Today we talked about independence. In connection with the notes, obviously you shouldn’t be dividing by P(B) when P(B)=0. In practice this is less of a problem than it first appears. For example, suppose that B is very, very implausible. I mentioned Russell’s teapot, the statement B that there is a teapot orbiting the Sun out beyond the orbit of Neptune. Now, this supposed teapot almost certainly does not exist, but you cannot say for sure that P(B)=0; maybe some aliens set a teapot going around the Sun 100 million years ago, we simply cannot say with certainty that the teapot isn’t there, only that the probability that it is there is very, very small. About the only time that we can say for sure that the probability is zero is if the proposition is an absurdity, a logical contradiction, such as B=(A&(not-A)).

We had a discussion about medical testing that may not be as valuable as it first seems, such as PSA testing for prostate cancer. This was in connection with the charts that talked about dependence not being equivalent to causality.

I noted that any method of proving independence or dependence is OK; personally when faced with tables such as on Charts 50&51 my preference is to compute the marginals and just verify that the individual joint probabilities are or are not the products of the corresponding marginals.

I made some remarks about frequentist estimators and showed a simple example in R.

Then we went to the next chart set.

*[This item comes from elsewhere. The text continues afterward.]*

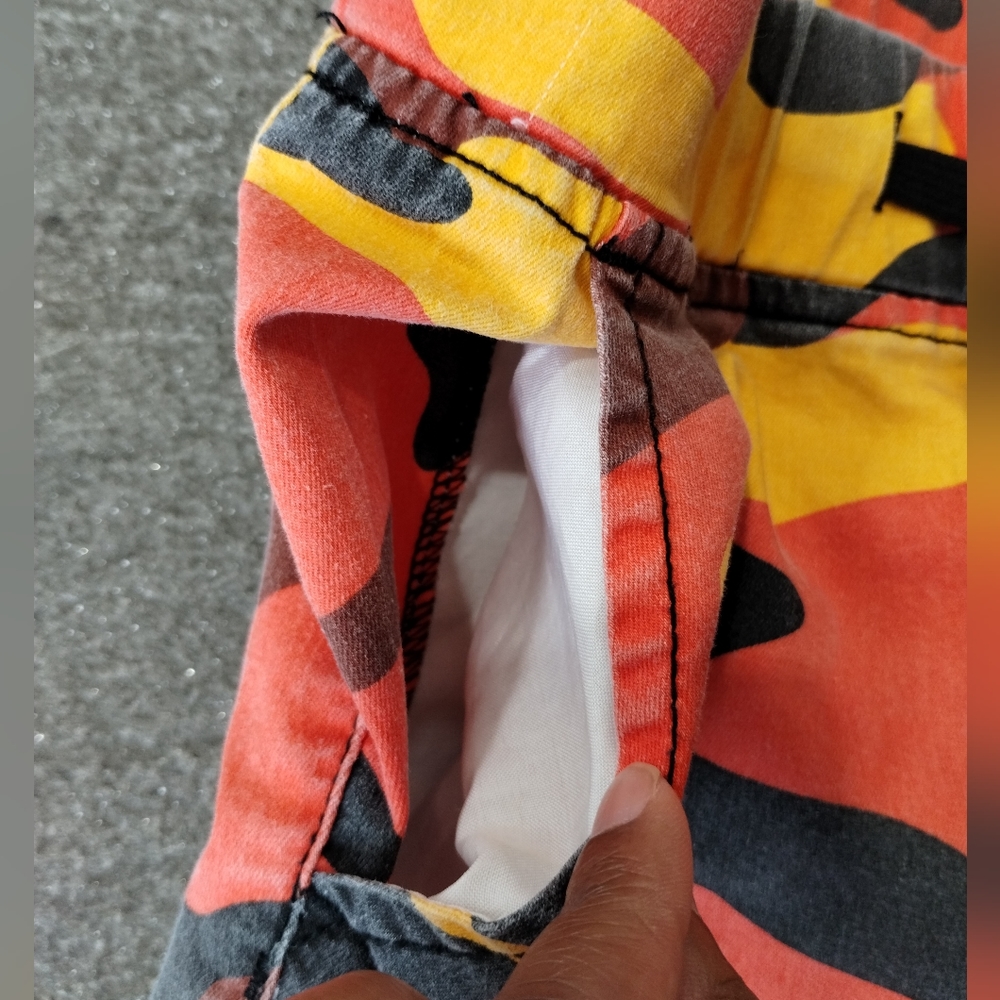 V.I.P. Sunburst Orange Camo Cargo Pants Women Size Small - Picture 8 of 11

We talked about Bayes’ theorem and the Bayesian mantra: Posterior is proportional to prior times likelihood. I mentioned that the word “posterior” engenders lots of Bayesian humor, which comes out in places like the Cabaret that closes typical Bayesian meetings, or the skits and songs that have been written for those performances.

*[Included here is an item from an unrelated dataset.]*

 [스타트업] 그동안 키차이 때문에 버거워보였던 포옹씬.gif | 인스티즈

I noted that the likelihood is numerically proportional to the sampling distribution, but that whereas the sampling distribution is a probability that describes hypothetical data given some fixed hypothesis, and is thus a function of the hypothetical data, the likelihood is not a probability, and is a function of the hypotheses given some fixed observed data. The likelihood can be multiplied by a (non-zero) constant and still be a valid likelihood, as the constant will cancel out when we divide by the denominator in Bayes’ theorem. I noted that there are strategies that allow us in many cases to bypass the calculation of the denominator (which is known as the *marginal likelihood* or the *probability of the data*).

September 8, 2012 at 10:33 pm |

I did the proof of at slide 47 in the longest way possible. Was wondering if I can get a concise one instead. The slide is asking to prove that

IF

P(A|B) != P(A)

THEN

P(B|A) != P(B)

Here is what I did:

P(A|B) = P(A&B) / P(B)

P(A&B) = P(A) * P(B|A)

P(A|B) = P(A) * P(B|A) / P(B)

Since

P(A|B) != P(A)

THEN

P(B|A) / P(B) != 1

Therefore, P(B|A) != P(B)

Q.E.D.

Does this look right to anyone?

Thanks!

Please note: != is the not-equal operator

September 8, 2012 at 11:24 pm |

I did the proof on slide 47 but I think it can be done better. The slide is asking to prove the following:

IF

P(A|B) != P(A)

THEN

P(B|A) != P(B)

By definition of conditional probability:

P(A & B) = P(B) . P(A|B)

P(A|B) = P(A & B) / P(B)

By Bayes’s theorem

P(A|B) = P(A) . P(B|A) / P(B)

SINCE P(A|B) != P(A)

THEN P(B|A) / P(B) != 1

THEREFORE, P(B|A) != P(B)

Q.E.D

Does this look good

September 8, 2012 at 11:36 pm |

Yes, that looks fine. As Cathy noted, one has to assume P(B)≠0 but I explained that in class and above.

September 9, 2012 at 12:20 am |

Another question:

I am unable to make sense to the tables on slides 51 and 52. I know how to show how two events are independent but the tables don’t seem to have all the info. This is not the case though because we’ve gone over them in class. It was too quickly for me to follow though.

Thanks,

September 9, 2012 at 1:35 am |

You have to do a little extra work. Yes, the tables don’t tell you directly how to decide, but if you compute the marginals (sum across, and sum down), and then multiply two marginals and see if the product is equal to the corresponding entry in the table, you can decide if it is dependent or independent.

For example, the marginal for the first row of the first table on chart 50 is 0.18+0.12=0.30; the marginal for the first column is 0.18+0.42=0.60; the product of these two numbers is 0.3×0.6=0.18, which is the (1,1) entry in the table. The same thing happens for every entry in the main table.

The marginals are the same for the second table, but the product isn’t 0.18, it is 0.20.